Awards and highlights
- TSN All-AFL (1961); Prairie View A&M University Athletic Hall of Fame; AFL All-Star (1961);
- Stats at Pro Football Reference

= Dave Webster =

American football player (1937–2006)

David A. Webster Jr. (July 23, 1937 – June 23, 2006) in Atlanta, Texas, was an American professional football player who was a cornerback for two seasons with the American Football League's (AFL) Dallas Texans (1960–1961). He was an All-AFL selection in 1961.

==Early life==
Webster was the son of David A. Webster Sr. and Eunice (Harper) Webster. He lived in Atlanta, Texas, until he was 13 years old, when he moved to Houston with his mother. He was educated in the Atlanta Public Schools, Holy Cross Lutheran schools and Jack Yates High School.

He attended Yates High School in Houston and graduated as the valedictorian of his class. He also helped his Yates team to a city championship and a state championship in football as the starting quarterback.

==College career==
After Yates, Webster attended Prairie View A&M University on an academic scholarship, where he played tennis and football for College Football Hall of Fame coach Billy Nicks.

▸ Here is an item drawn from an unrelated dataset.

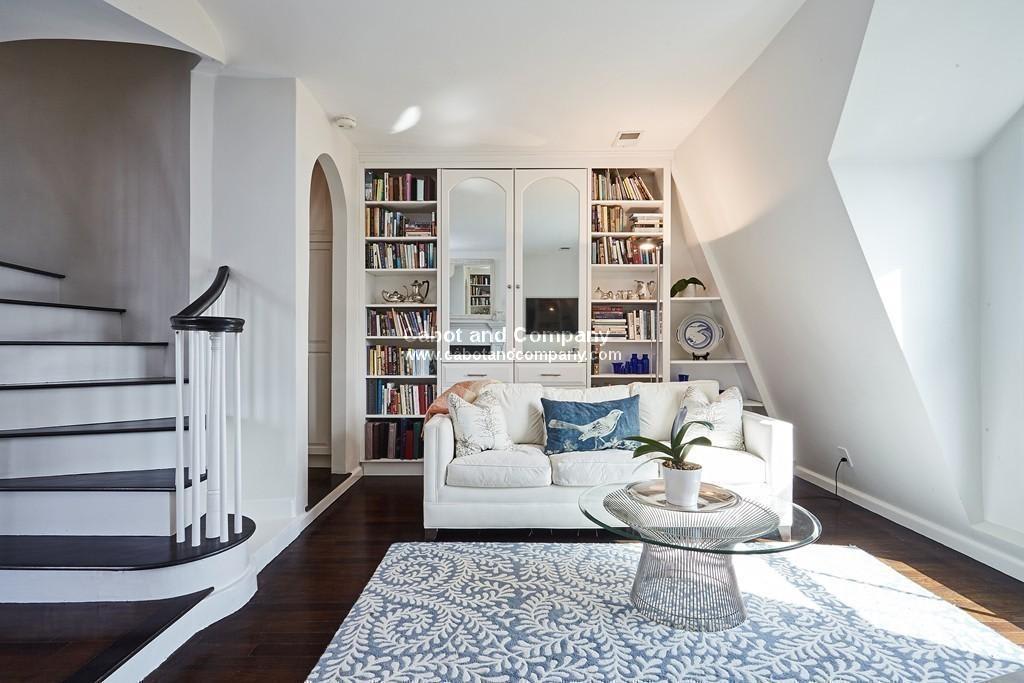 124 Beacon St – photo 5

During his tenure at Prairie View A&M University, Webster led the football team to the 1958 Black college football national championship and won All-SWAC (Southwestern Athletic Conference) honors in 1958 and 1959. He was also an All-American quarterback in 1958. In 1959, he was co-champion of the SWAC tennis doubles alongside Clifton Johnson.

During this time in college, he was a member of the Prairie View Panthers Club.

==AFL career==
In 1960, "Can Head", as he came to be known by close friends and teammates, was selected to play football for the Dallas Texans under Pro Football Hall of Fame owner Lamar Hunt and coach Hank Stram. The Dallas Texans later became the Kansas City Chiefs in 1963 when the franchise moved from Texas to Missouri. Even though Webster was an All-American quarterback in college, he played defensive back because blacks were not allowed to play the quarterback position in the professional football ranks at that time. He paved the way by overcoming racial injustice and adversity as one of the first blacks to play professional football for the American Football League and he was one of two black players on the Texans/Chiefs (in those days, there was a "two blacks per team" quota in effect). Despite the circumstances, he led the team in interceptions and became an AFL All-Pro defensive back in 1961. His career came to an abrupt end when his leg was broken in a pre-season game in 1962; the Texans went on to win the AFL championship.

==After football==
After graduating from Prairie View A&M University's School of Engineering with a BS in electrical engineering in 1962, he worked for the Bendix Corporation in Kansas City, Missouri. In 1971, Webster moved to Michigan to work for Ford Motor Company. While at Ford, he earned a Masters of Business Administration (MBA) from Central Michigan University in 1975. In 2001, Webster retired from Ford Motor Company and in 2004 he moved back home to Texas from Michigan to become a farmer again.